PROBLEM DESCRIPTION = Copy the data exactly from the line that contains "BIG CROSS EYELET" through the line that contains "FARO - Fouta", keeping both end lines and leaving out everything else.

AVAILABLE DATA =
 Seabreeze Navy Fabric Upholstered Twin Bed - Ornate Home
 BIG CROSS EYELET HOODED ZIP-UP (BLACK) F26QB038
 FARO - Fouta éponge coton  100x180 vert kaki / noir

---

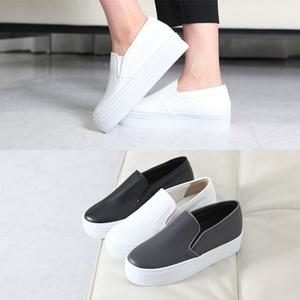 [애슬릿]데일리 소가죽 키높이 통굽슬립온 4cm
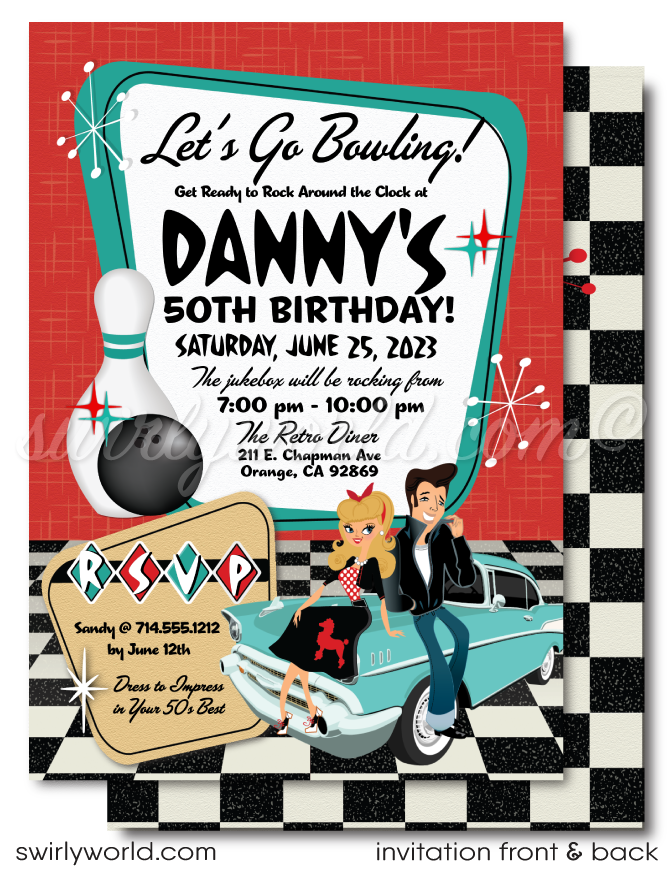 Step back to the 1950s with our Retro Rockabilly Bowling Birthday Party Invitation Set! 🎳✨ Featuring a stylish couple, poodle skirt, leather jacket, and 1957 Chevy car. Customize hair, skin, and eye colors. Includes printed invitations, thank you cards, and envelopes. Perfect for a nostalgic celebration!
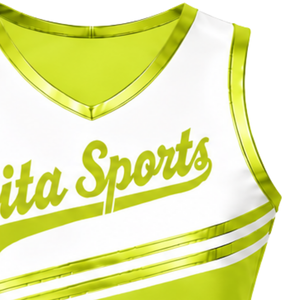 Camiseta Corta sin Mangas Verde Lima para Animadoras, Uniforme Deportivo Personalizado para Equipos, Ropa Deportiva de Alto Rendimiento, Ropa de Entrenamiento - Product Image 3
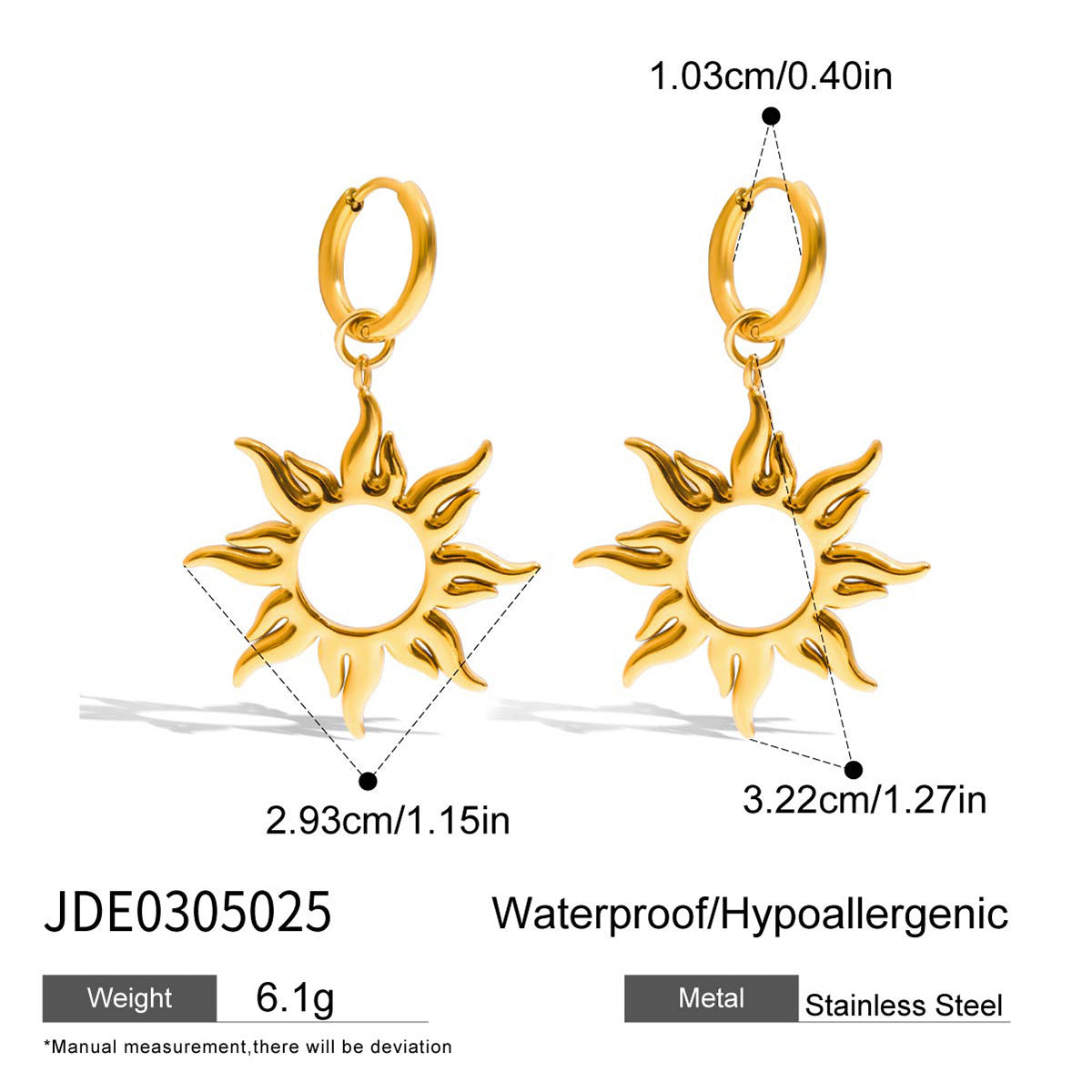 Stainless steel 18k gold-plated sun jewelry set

* * *

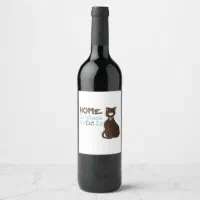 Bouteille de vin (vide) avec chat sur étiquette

FINAL ANSWER =
 BIG CROSS EYELET HOODED ZIP-UP (BLACK) F26QB038
 FARO - Fouta éponge coton  100x180 vert kaki / noir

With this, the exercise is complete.